Dans les années 50, la France fait face à une crise majeure du logement. Les destructions causées par la Seconde Guerre mondiale, combinées à un manque de ressources et à un besoin de logement important, rendent la situation particulièrement difficile. Plus de 700 000 familles se retrouvent dans des habitations vétustes. Face à l’urgence, le mouvement des “Castors” va prendre vie un peu partout en France. Il regroupe des hommes qui vont eux-mêmes assurer la construction de leur maison.

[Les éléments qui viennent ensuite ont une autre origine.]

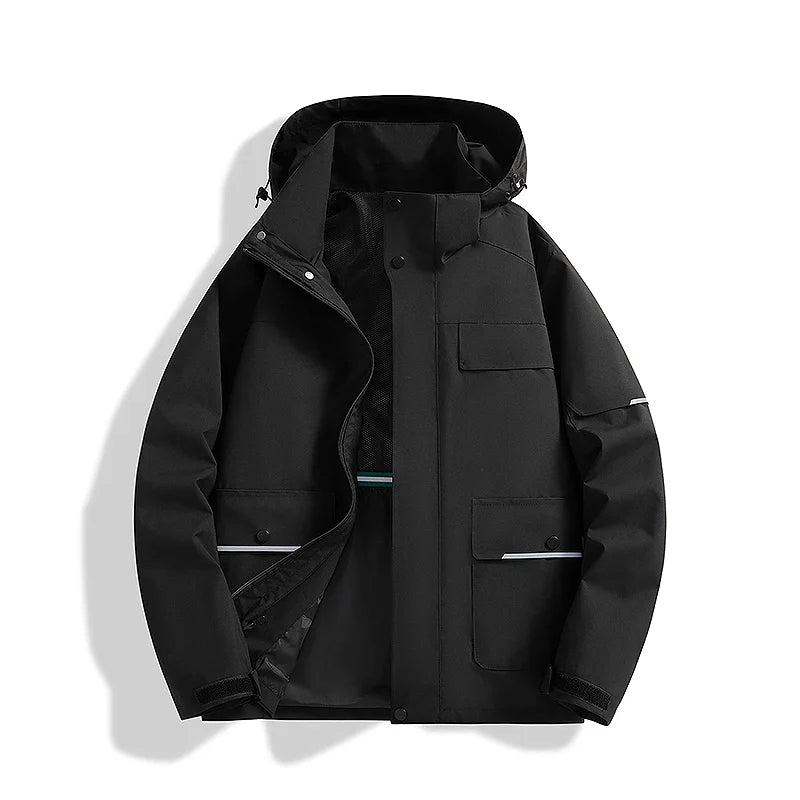 Alpine Trek Performance Jacket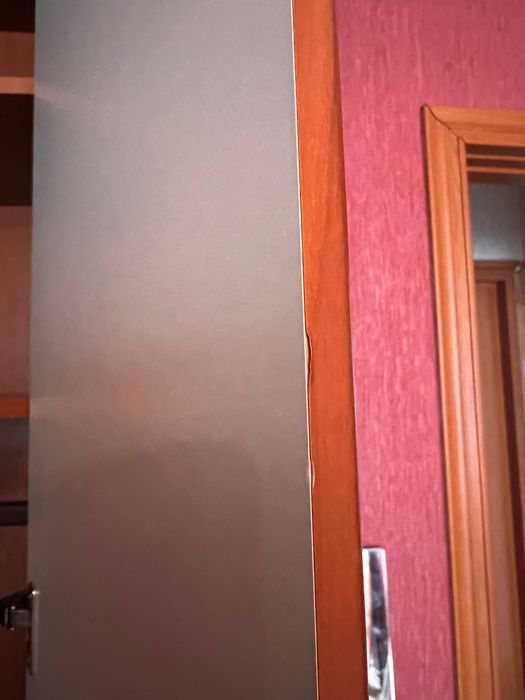 Угловой шкаф и тумба под телевизор СТОЛПЛИТ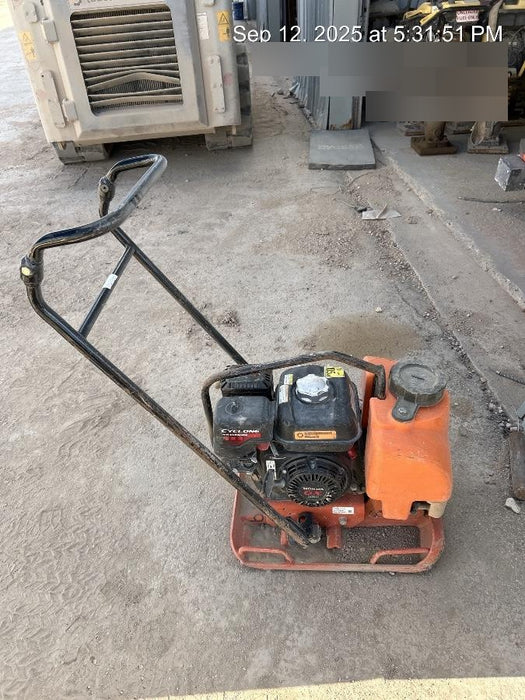 2023 MULTIQUIP MVC82VHW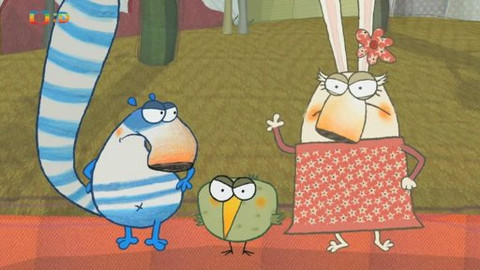 Pipi, Pupu a Rosemary - Den džemu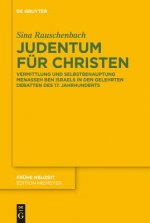 Judentum fur Christen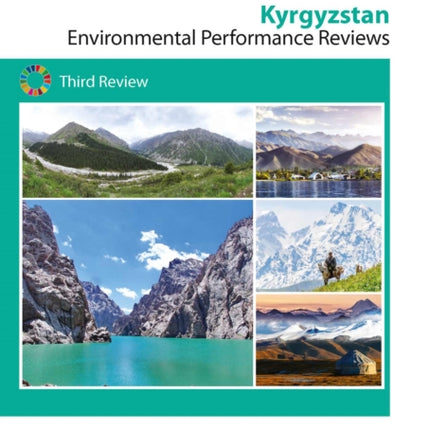Environmental Performance Reviews Kyrgyzstan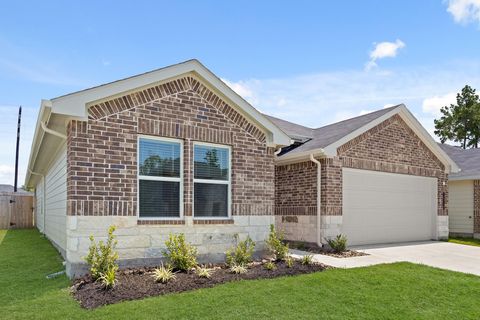 Photo of 24723 Shallow Cedar Lane, Magnolia, TX 77355 (MLS # 22420623)
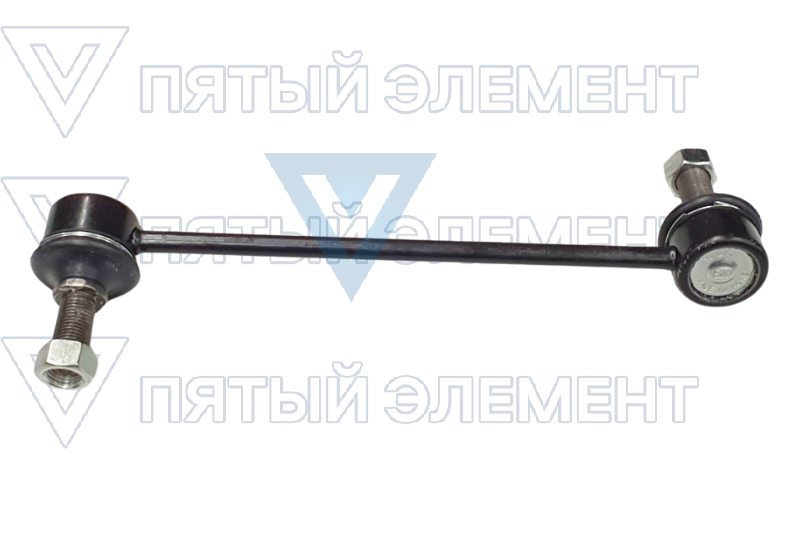 Стойка стабилизатора пер.лев.54830-2K000 ОЕМ (SOUL)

À Nîmes, les “Castors cheminots mutualistes” vont se distinguer par leur engagement dans la construction. de leur propre quartier, celui de Beausoleil.
A Nîmes, les Castors étaient en majorité des cheminots
“Si au niveau national, les Castors étaient fonctionnaires, postiers, instituteurs… à Nîmes, ils étaient en grande majorité des cheminots”, expliquent Christiane Roux et Bernard Acarie du comité de quartier Beausoleil qui ont passé plus d’un an à retracer l’histoire de ce mouvement, en récoltant les témoignages de descendants de Castors et en s’immergeant dans les archives locales et nationales. “Les cheminots nîmois vivaient dans des conditions très dures. À Courbessac, par exemple, certains habitaient dans des wagons sans eau ni électricité. Ils vont alors se regrouper pour acheter ensemble des terrains et construire leurs habitats. Ainsi va naître le quartier Beausoleil. C’est d’ailleurs eux qui vont choisir ce nom.”

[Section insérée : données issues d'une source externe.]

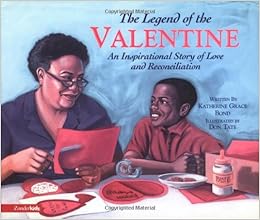 The Legend Of The Valentine An Inspirational Story Of Love The Legend Of The Valentine An Inspirational Story Of Love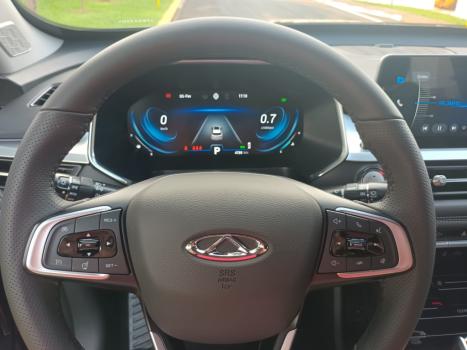 CHERY Tiggo 7 1.5 16V 4P TCI FLEX SPORT AUTOM�TICO CVT, Foto 9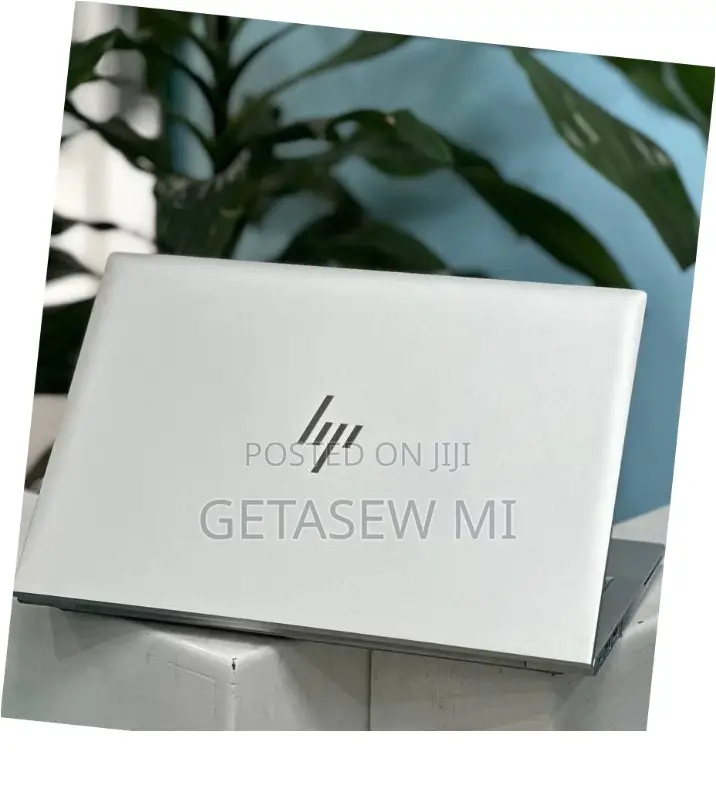 New Laptop HP EliteBook 840 G8 16GB Intel Core I7 SSD 512GB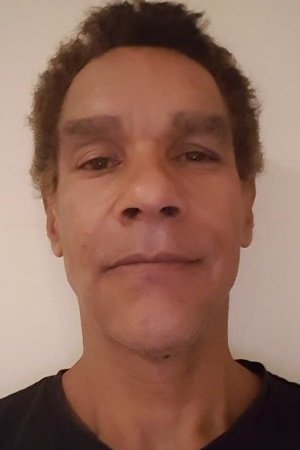 et billede af Steve Daddow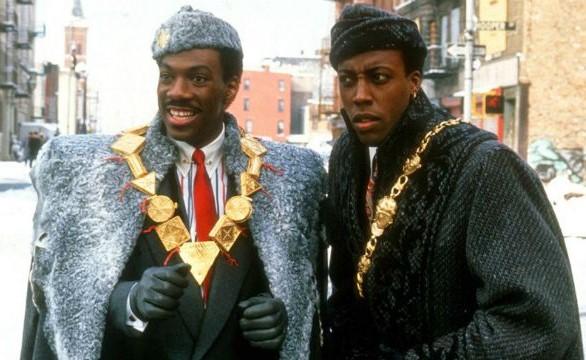 Eddie Murphy film più belli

L’esprit était à la solidarité, surtout chez les cheminots
Environ 300 “Castors” vont alors créer 300 maisons entre 1951 et la fin des années 50 à travers quatre lotissements. Le premier sort de terre rue de Barcelone et place de la Mutualité. Le 2e lotissement, lui, bénéficiera d’une inauguration officielle rue Ernest-Bruxelles en avril 1954. “Tous étaient membres des Castors mutualistes cheminots et tous s’étaient regroupés pour s’entraider. À l’époque, l’esprit était à la solidarité, surtout chez les cheminots. Sur des terrains acquis en commun dans le quartier Beausoleil, les Castors cheminots se lancent dans une entreprise ambitieuse : l’ouverture des rues, la création de réseaux d’eau et d’électricité. Pendant plusieurs années, week-ends et jours fériés sont consacrés à ces chantiers communautaires où chaque membre apporte sa contribution”, continuent Christiane Roux et Bernard Acarie. Des personnalités nîmoises comme Raymond Dizier, Aimé Longuet, Émile Michel ou Frank Pic vont marquer ce mouvement.

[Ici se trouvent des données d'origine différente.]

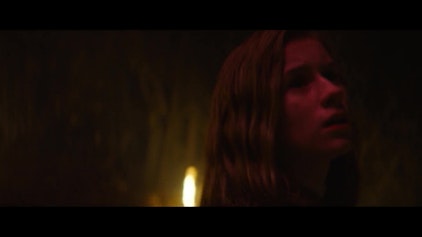 Die Erben der Nacht Der Kreis schließt sich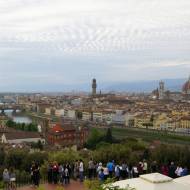 Najpiękniejsze miejsca – Florencja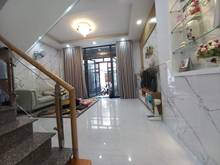 Hình ảnh HXH Phạm Văn Chiêu, 2 tầng 3PN 70m2, GẤP BÁN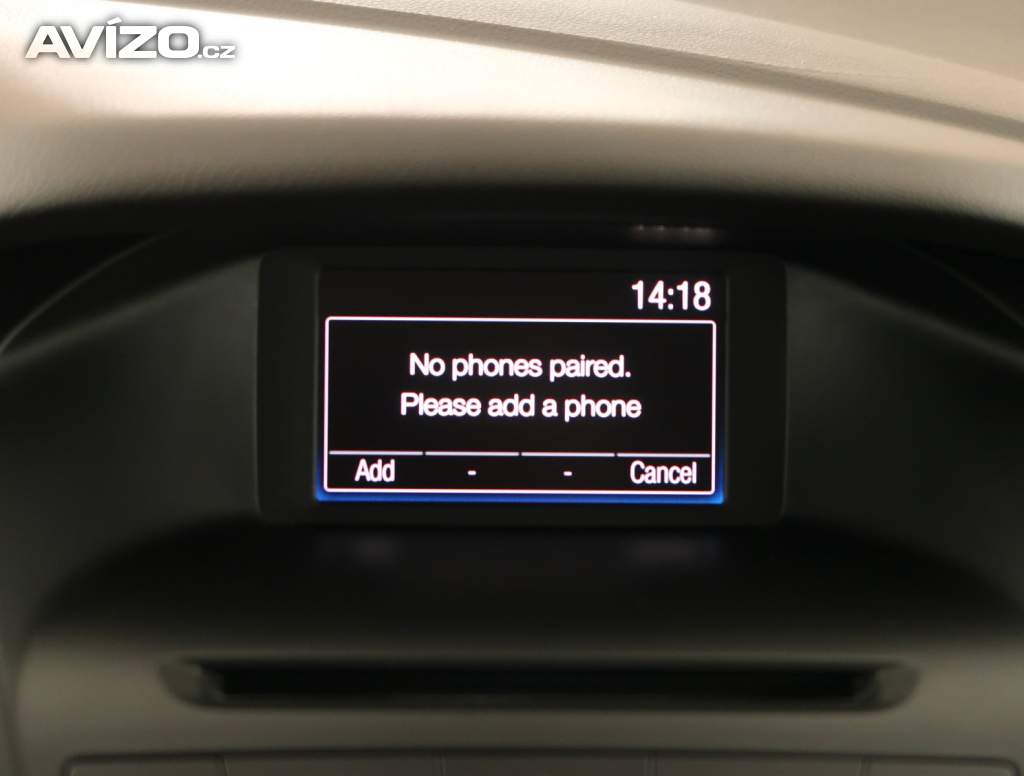 Foto inzerátu Ford Focus 1.5 TDCi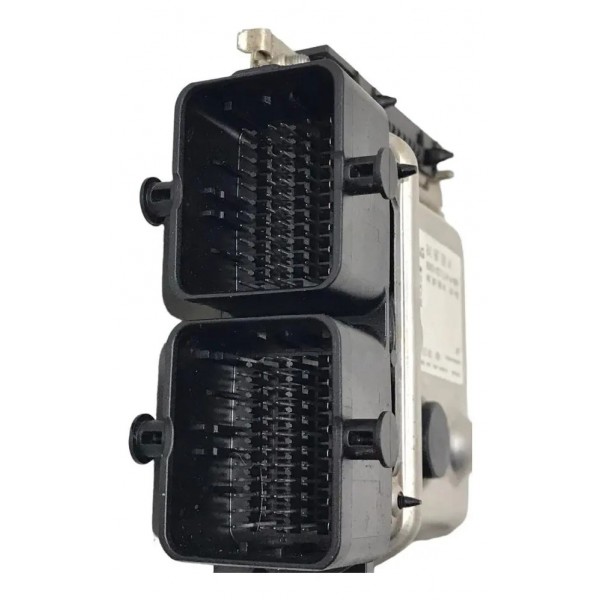 Modulo De Injecao Volkswagen Gol G7 1.0 2020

Auto-construction dans le quartier Beausoleil
Aujourd’hui, le quartier Beausoleil à Nîmes garde encore des traces de cette aventure humaine et collective. Si la plupart des habitations ont été rénovées ou modernisées au fil des décennies, l’esprit des Castors, celui de la solidarité et de l’auto-construction, reste vivace dans la mémoire locale. Les Castors cheminots ont non seulement bâti des maisons, mais aussi un esprit communautaire, une solidarité active et une mémoire commune. Le mouvement s’arrête dans les années 60 avec la création des Zup et de leurs grands ensembles.
Un jardin rebaptisé
Samedi 5 octobre en fin de matinée, la Ville a posé une plaque, à l’angle des rues Barcelone et Bruxelles, annonçant la dénomination officielle du Jardin des Castors cheminots mutualistes nîmois. “Ce jardin est la célébration de l’histoire unique de ce quartier qui a marqué un véritable tournant dans la vie mutualiste en France. Un véritable changement de vie donnait naissance à une communauté unie et solidaire”, a déclaré Chantal May, Adjointe déléguée à la Végétalisation, aux Parcs et jardins et aux Jardins partagés accompagnée de Jean-Marie Habouzit, président du comité de quartier Beausoleil.